Well, I am writing, but I am not writing stories. I am writing website material, reading guide questions, columns, and lots of emails. But I am not creating new stories on the page.
My brain/soul knows this and thus, I start to dream. It's my body/soul's way of kicking me in the ass and saying, "Hey, pick up your pen. Time to write."
Dream, dream, wacky wonderful dreams.
Last night:
A friend here in Shanghai died, and it was so real, I thought it was true when I woke this morning. She was gone and I was following clues. Then I was in an auditorium-type of place and thousands of slate tiles were stacked from the ground up. I had to get down to the floor of the auditorium on these tiles, but they (and I) kept sliding and sliding. I couldn't get a footing. Then a frog. And a grocery store.
Then Tully started screaming (in real life, not in the dream). Andrew went in to soothe her; she's been waking once or twice a night seemingly with a nightmare or some other ghoulish alarm. Shrieking, but easily and quickly soothed.

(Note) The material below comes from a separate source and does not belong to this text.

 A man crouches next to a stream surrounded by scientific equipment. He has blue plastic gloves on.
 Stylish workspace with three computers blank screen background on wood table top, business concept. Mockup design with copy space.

And then me, back into the dream. Swimming and climbing and wandering. So deeply into the dream I could barely pull myself out of it this morning. Woozy and lost upon waking.
And now?
Planning to pull novel #2 from its dusty bin and figure a way to work on it for at least 30 minutes a day. Yes, I need to work on the marketing for THIRSTY, but yes, I need to be writing.